• Work item:
The reply should hold only the lines from the one with "Предварительный просмотр 68" to the one with "Bộ Đồ Chơi Lắp", both ends kept, exactly as they appear below, without any pictures.

• Data to process:
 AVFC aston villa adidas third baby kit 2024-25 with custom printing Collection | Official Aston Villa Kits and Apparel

==

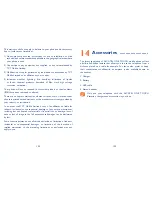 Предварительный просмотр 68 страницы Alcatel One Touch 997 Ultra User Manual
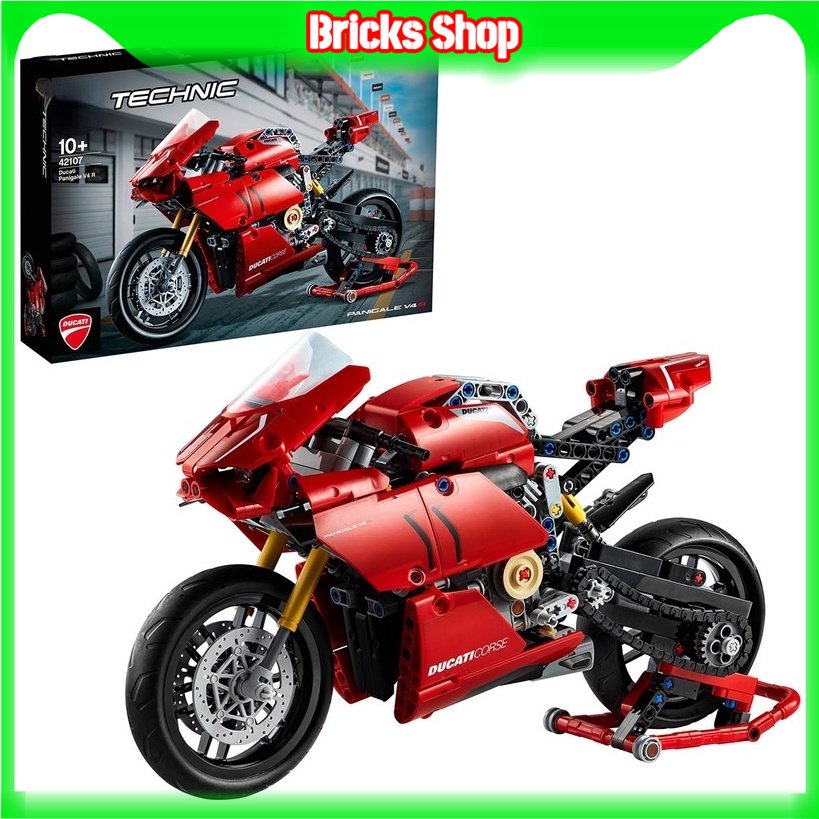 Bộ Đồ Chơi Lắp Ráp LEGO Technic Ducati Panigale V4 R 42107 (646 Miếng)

• Response box:
 Предварительный просмотр 68 страницы Alcatel One Touch 997 Ultra User Manual
 Bộ Đồ Chơi Lắp Ráp LEGO Technic Ducati Panigale V4 R 42107 (646 Miếng)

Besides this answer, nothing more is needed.